Despite Rays’ loss, Alex Cobb returns to form with sparkling show in duel with Yu Darvish
ST. PETERSBURG, Fla. — All afternoon, Alex Cobb had sick stuff. He never lost control. There he was, tearing through the Texas Rangers lineup, trying to keep in stride with right-hander Yu Darvish, trying to maintain his level one inning after the next, like this was the final stretch of a Triple Crown race between two thoroughbreds in their prime. He pitched with purpose.
Goodness, it was cool.
Baseball can be a funny game, with so many possible outcomes after the first pitch is thrown, from a messy rout to a ho-hum four-run victory to an 18-inning marathon that takes your breath away. You never know what you’ll see.
Sunday, Cobb gave the Tampa Bay Rays his best in a pitching showcase from both sides. Months from now, the sight at Tropicana Field will be forgotten. After all, the Rays lost 3-0, because Rangers shortstop Elvis Andrus cracked a 360-foot, two-run home run off reliever Joel Peralta in the eighth inning. Texas added another run in the ninth when Donnie Murphy scored Adrian Beltre with an RBI single to left field off reliever Josh Lueke.
Yes, this will show up as a no-decision when we review Cobb’s year. It will look less appealing than his many victories to follow. Baseball is so long that April gems tend to be swept away to make room for September and October jewels.
Really, how much do you remember from last April?
But this memory is worth keeping alive a little longer.

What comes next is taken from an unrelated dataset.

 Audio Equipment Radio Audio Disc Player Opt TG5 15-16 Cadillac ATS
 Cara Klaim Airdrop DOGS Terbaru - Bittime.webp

"I’m not really thinking about that too much," Cobb said of his matchup with Darvish. "I’m really just going out there and realizing I can’t give up a run."
Well, mission accomplished. Cobb allowed just three hits and struck out six in seven innings. Darvish matched Cobb’s heat with his own fire, allowing seven hits and striking out six in seven.
These were two of the American League’s best delivering ridiculous bite, before the bullpens decided the outcome, before Peralta and Lueke blinked. It’s too bad Cobb and Darvish couldn’t go the distance.
But this day was good for Cobb. His debut was lackluster by his standards. Last Tuesday, he allowed four runs and five hits in five innings in a loss to the Toronto Blue Jays. He said he was timid. He never looked like himself.
Everything was back Sunday. His movement had life. His mixture of pitches was solid. He allowed one runner to reach second base. He looked like the same Cobb who delivered a career-best 2.76 ERA last season. He looked like someone who will be a bull on the mound throughout the summer.
"You try not to get caught up in what’s going on outside of what you can control," Cobb said. "Maybe there’s a guy with a 5.00 ERA out there, you’re not going to go out there and say, ‘Well, I’ve got two or three runs I can give up and be OK.’ That’s never your outlook."
"I’m sure Cobber, knowing how competitive he is, he wanted to beat him today," Rays manager Joe Maddon said of Darvish. "I know he wanted to outpitch him."
"As usual, you have a team over there that fights forever, and they put themselves in some good positions to score some runs," Rangers manager Ron Washington said. "But Yu made the pitches when he had to."
Of course, Cobb denied extra attention was given to this matchup. The reaction was similar to what Rays left-hander David Price said about facing Blue Jays right-hander R.A. Dickey last year, when the two were reigning Cy Young Award winners. It’s rare someone will come out and say, "I want to beat the other guy." Such bravado would be unwise.
But there was something about seeing sustained excellence for so long, for seven innings on both sides, with Cobb and Darvish showing why everyone who appreciates elite pitching anticipated this day.
Sure, the memory will disappear as the calendar turns. There will be other games. There will be other matchups. Little about April is recalled when the air chills and pennant races form. But this pitching duel was something to witness, and Cobb has no reason to be disappointed.